Questa diversa visione dell’insieme delle norme di cui si discute nulla toglie alle possibili eccezioni consentite dal considerando n. 13 della direttiva 2000/43 in base alla nazionalità per i cittadini di paesi terzi (che comunque non potrebbe da solo autorizzare una deroga agli obblighi assunti nel contesto di altre organizzazioni internazionali), semplicemente impone per qualsiasi deroga che sia giustificata “oggettivamente da finalità legittime perseguite attraverso mezzi appropriati e necessari” (art. 2 comma 2 lett. b) direttiva) e, per l’accesso al lavoro, che “sia necessaria nell’interesse dello Stato” (art, 14 convenzione OIL). 10.
Questa diversa prospettiva consente dunque una lettura della normativa molto più razionale e coerente. Ristabilisce la gerarchia delle fonti, anche attraverso l’art. 117 Cost., fra la direttiva 2000/43, la Carta dei diritti fondamentali dell’Unione Europea e la Convenzione OIL da un lato e, dall’altro, la legge ordinaria. Essendo il TU, come ripetutamente osservato, attuazione della Convenzione OIL,le sue norme seguono una interpretazione conforme e così gli artt. 26, 27, 37, 43 che fanno riferimento alle attività per le quali è richiesta la cittadinanza italiana vanno intese nel senso che deve essere la natura della attività a giustificare la discriminazione.
L’art. 2, comma 3 TU va letto nel senso che il riferimento alle condizioni di lavoro o occupazione comprende anche l’accesso al lavoro, che è poi il momento in cui massimamente si può attuare una discriminazione illegittima. Gli artt. 15 e 21 della Carta dei diritti Fondamentali dell’Unione Europea, nello stabilire la parità di “condizioni di lavoro” fra cittadini dell’Unione e cittadini stranieri “fatte salve le disposizioni particolari contenute nei trattati” non autorizza una discriminazione per nazionalità per il pubblico impiego non legata all’esercizio di pubblici poteri o alla tutela di interessi generali dello Stato e tanto meno l’autorizza in deroga agli obblighi assunti con altre Convenzioni internazionali. L’art. 98 Cost. non costituisce ostacolo a questa lettura, essendo la “Nazione” da intendere come collettività organizzata su un territorio e non essendo implicita, in attività che non esprimono l’esercizio di pubblici poteri, alcuna necessità di particolare fedeltà, maggiore o diversa da quella implicita in qualsiasi rapporto di lavoro subordinato (art. 2105 cod. civ.).

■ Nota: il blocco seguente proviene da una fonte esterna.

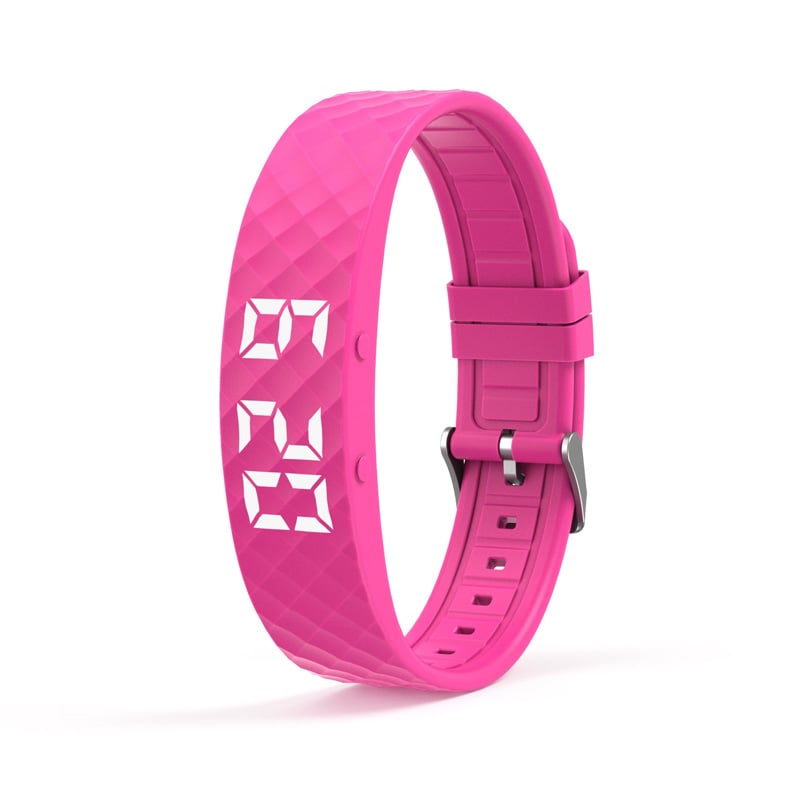 Miesten Urheilukäsi Bandi – Tehokas Ajanhallinta 9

L’art. 51 Cost, come riconosce anche la sentenza in commento,confermerebbe, senza neppure necessità di una interpretazione evolutiva, questa impostazione e, una volta ritenuta non legittima una discriminazione giustificata solo per la natura pubblica del datore di lavoro, si supererebbe l’irrazionalità di consentire o non consentire ai cittadini stranieri lo svolgimento di attività a contenuto identico secondo che, anche per fattori del tutto casuali e contingenti, le stesse siano affidate all’esterno o svolte direttamente dalla PA.